= False evidence =

Any information created or obtained illegally in order to sway a verdict in court

False evidence, fabricated evidence, forged evidence, fake evidence or tainted evidence is information created or obtained illegally in order to sway the verdict in a court case. Falsified evidence could be created by either side in a case (including the police/prosecution in a criminal case), or by someone sympathetic to either side. Misleading by suppressing evidence can also be considered a form of false evidence (by omission); however, in some cases, suppressed evidence is excluded because it cannot be proved the accused was aware of the items found or of their location. The analysis of evidence (forensic evidence) may also be forged if the person doing the forensic work finds it easier to fabricate evidence and test results than to perform the actual work involved. Parallel construction is a form of false evidence in which the evidence is truthful but its origins are untruthfully described, at times in order to avoid evidence being excluded as inadmissible due to unlawful means of procurement such as an unlawful search.

Apart from the desire for one side or another to succeed or fail in its case, the exact rationale for falsifying evidence can vary.

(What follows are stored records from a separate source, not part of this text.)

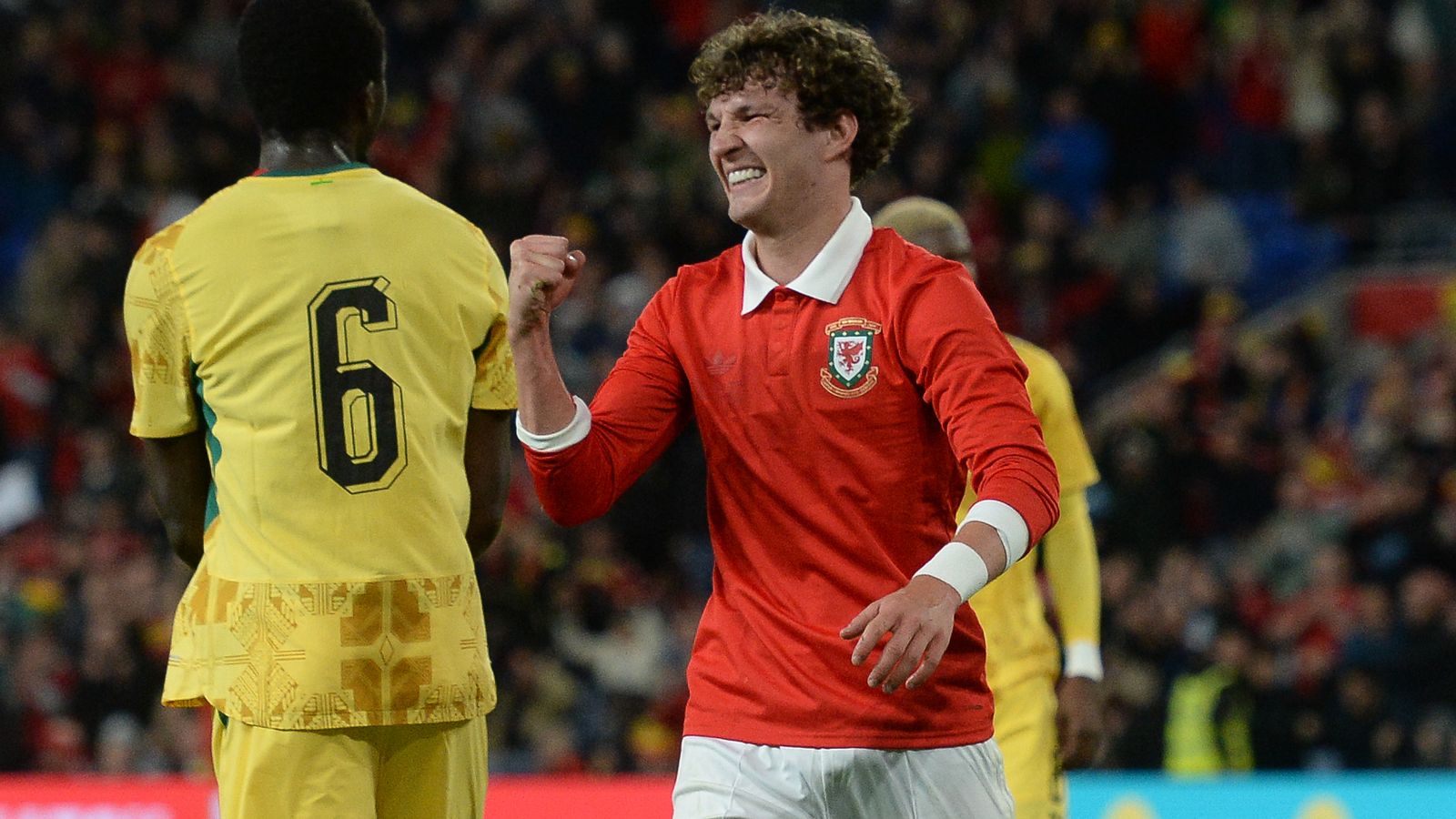 Lewis Koumas celebrates scoring his first international goal
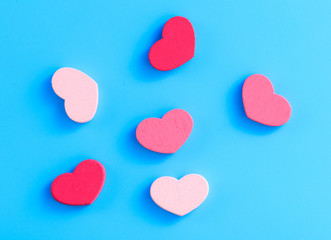 Pink hearts on a blue background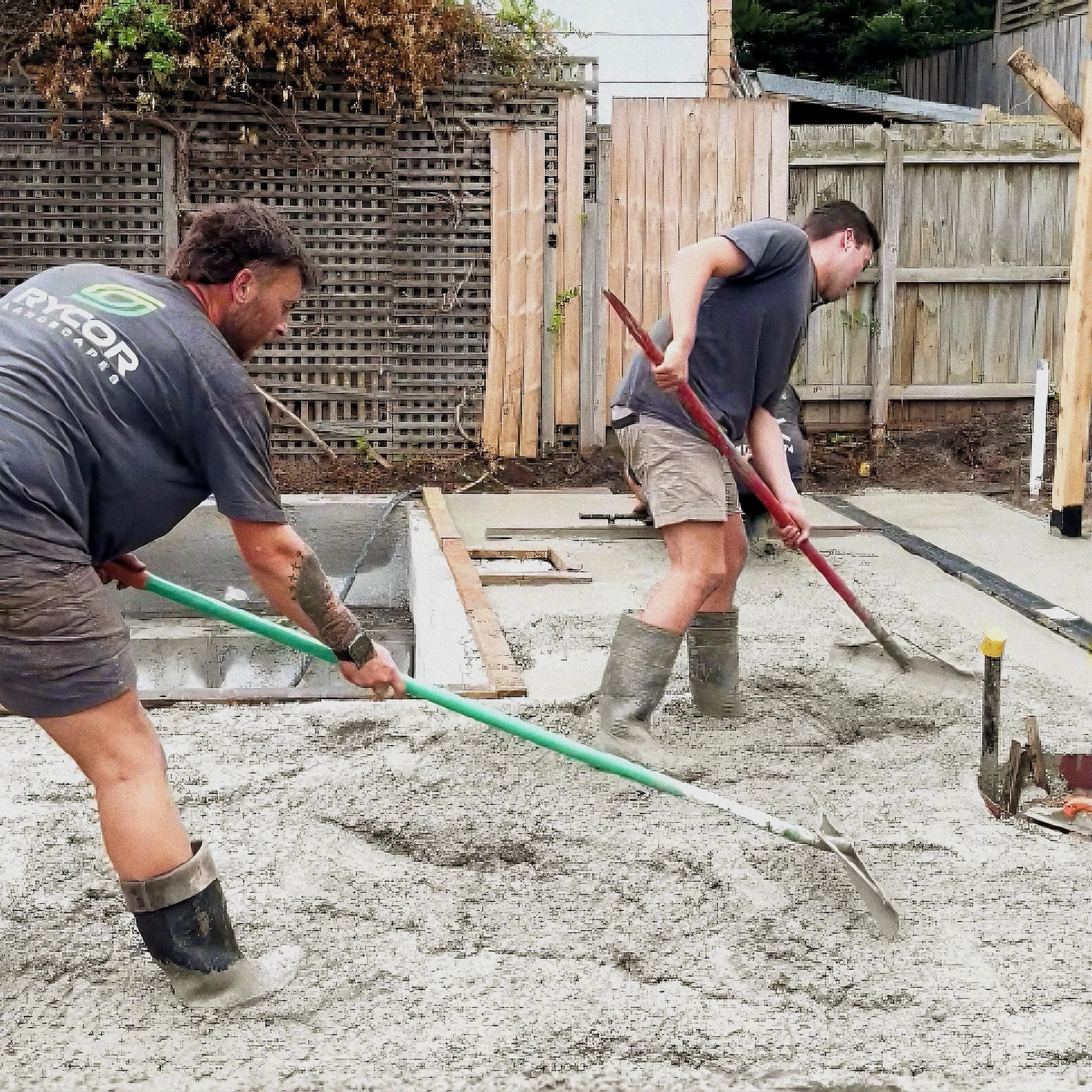Two men working on a construction site pouring concrete, with a wooden fence and trees in the background.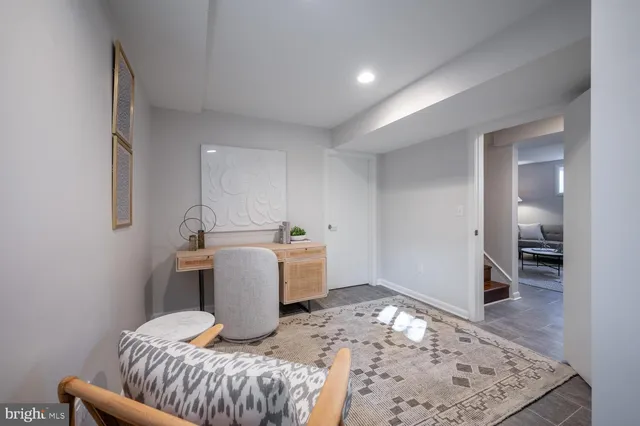 a room with a chair and a table in it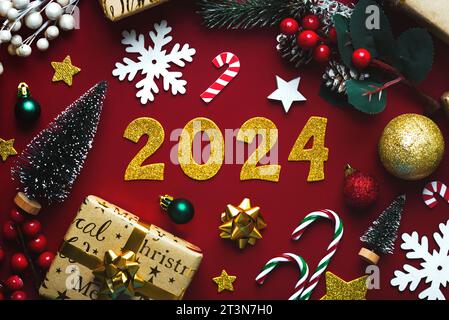 Frohes neues Jahr 2024. weihnachtsschmuck von oben und goldene Zahlen mit der Zahl 2024 auf rotem Hintergrund. Silvesterfeier Konzept Backgr Stockfoto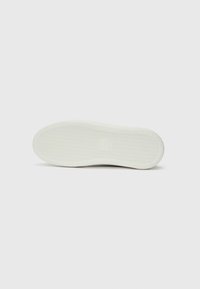 Bodem van een sneaker met een gestructureerd rubberen oppervlak, voornamelijk wit, met een cirkelpatroon langs de randen en een vlak ontwerp.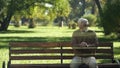 Lonely old man disappearing from bench, concept of death, transience of life Royalty Free Stock Photo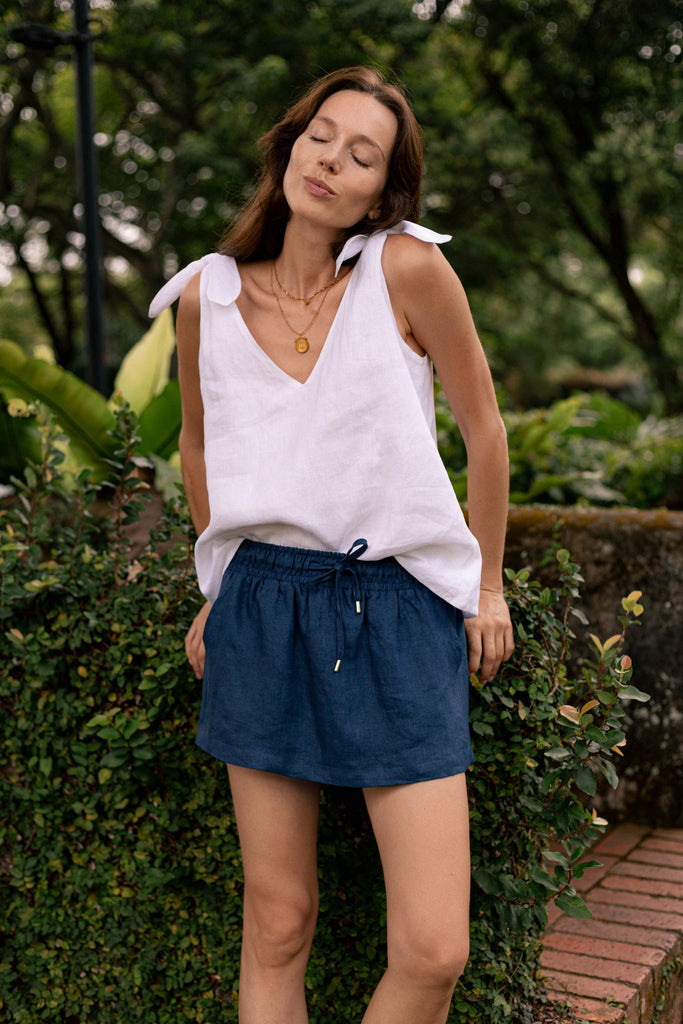 Summery the label's model wearing the classic linen skirt in navy blue
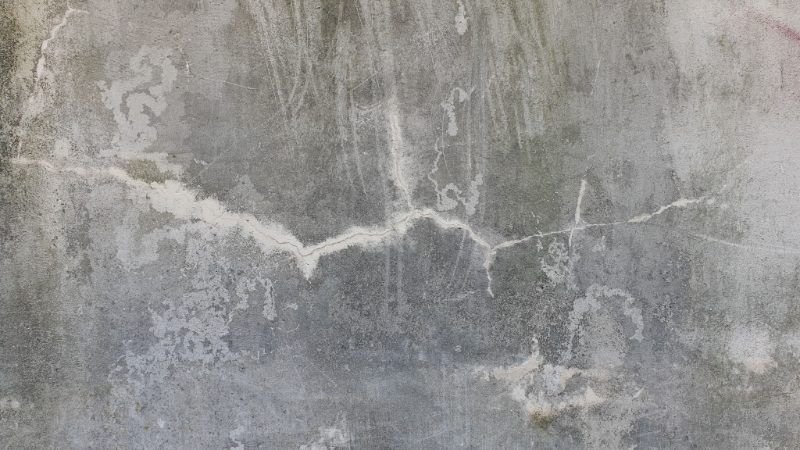 Weathered concrete surface with fine cracking and staining
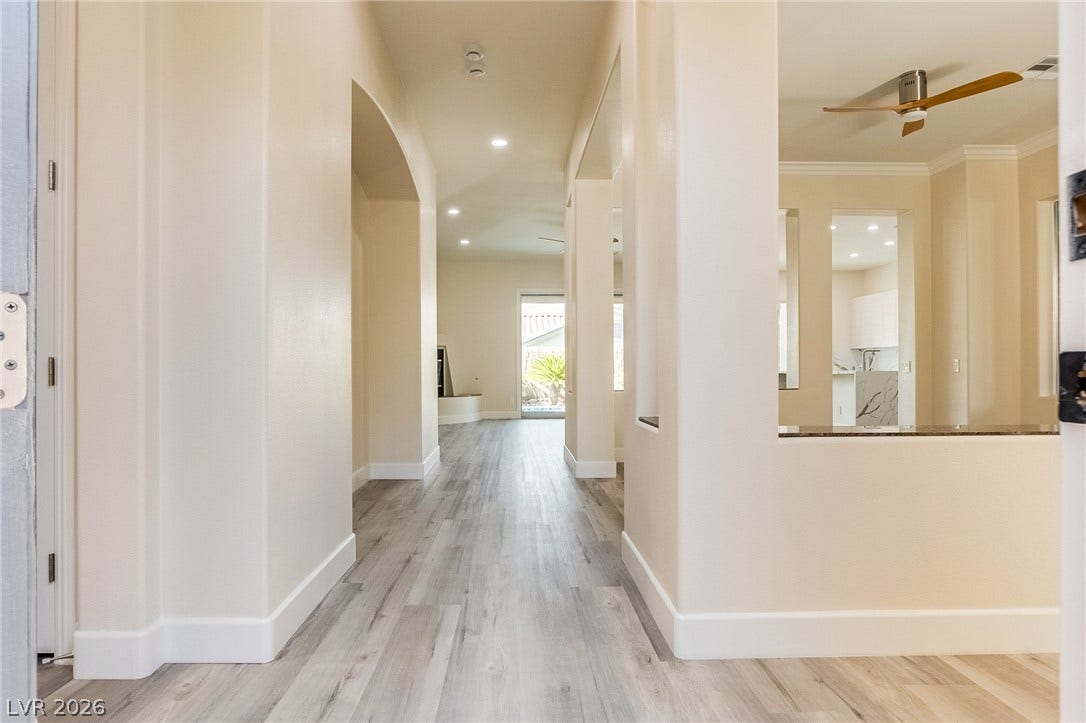 A welcoming entry hall showcases clean architectural lines, durable plank flooring, and recessed lighting.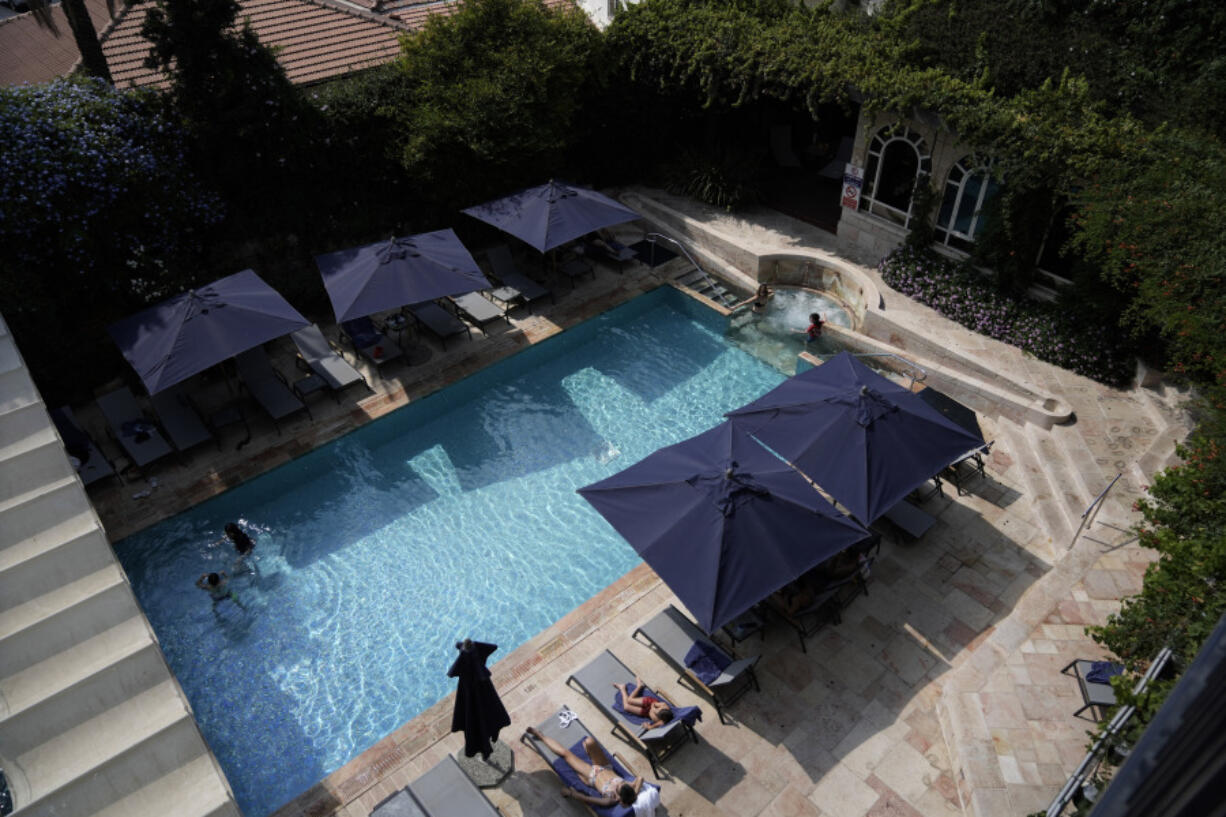 Guests swim and sunbathe at the pool at the American Colony Hotel in east Jerusalem, Sunday, Aug. 18, 2024. As Israel&rsquo;s economy is suffering from the nearly 11-month war with Hamas, Jerusalem&rsquo;s iconic American Colony hotel has had to lay off workers and are mulling pay cuts, said Jeremy Berkovitz, the official representative of the owners.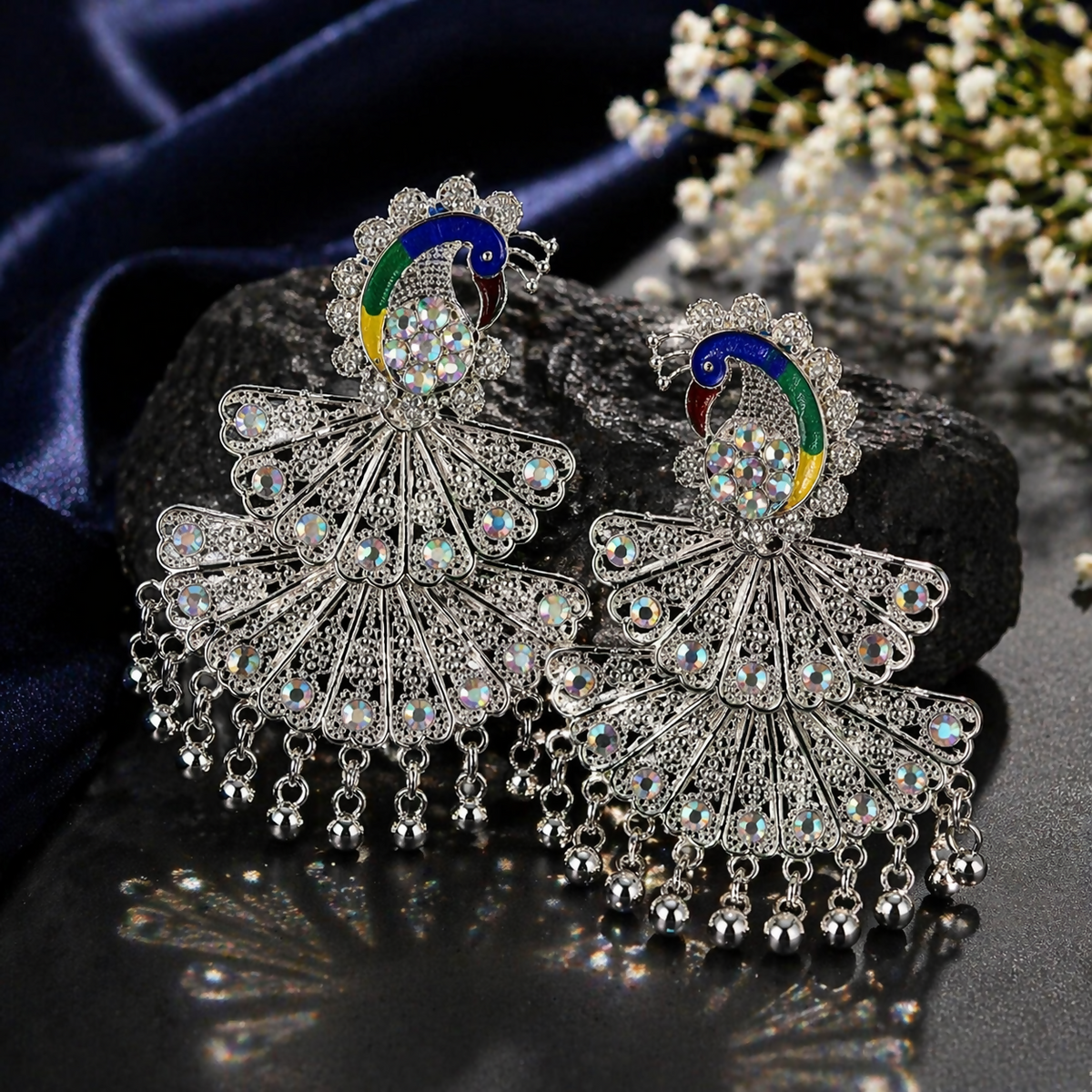 A pair of intricate silver peacock earrings featuring colorful enamel and dangling beads, resting on a dark textured surface.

Falsifying evidence to procure the conviction of those honestly believed guilty is considered a form of police corruption even though it is intended to (and may) result in the conviction of the guilty; however it may also reflect the incorrect prejudices of the falsifier, and it also tends to encourage corrupt police behavior generally. In the United Kingdom, this is sometimes called 'Noble Cause Corruption.' A "throw down," i.e. the planting of a weapon at a crime scene might be used by the police to justify shooting the victim in self-defense, and avoid possible prosecution for manslaughter. However, the accused might have falsified some evidence, especially if not arrested immediately, or by having other access to a crime scene and related areas.

==Types==
- Forged evidence - an item or information manufactured, or altered, to support some agenda, is not admissible in many courts, including U.S. criminal courts.
- Planted evidence - an item or information which has been moved, or planted at a scene, to seem related to the accused party, is not admissible in many courts, including U.S. criminal courts.
- Tainted evidence - information which has been obtained by illegal means or has been revealed (or traced) using evidence acquired by illegal search, and/or seizure, is called the "fruit of the poisonous tree" and is not admissible in many courts, including U.S. criminal courts.
- Parallel construction - tainted evidence, where the origin of the evidence is untruthfully represented, preventing discussion of whether it was legally obtained or not.
- Suppressed evidence - an item or information which a court judge has ruled as "inadmissible" is forbidden to be presented in a court case. Suppressed evidence might be excluded because it was found hidden or locked away in areas the accused could not be proven to know.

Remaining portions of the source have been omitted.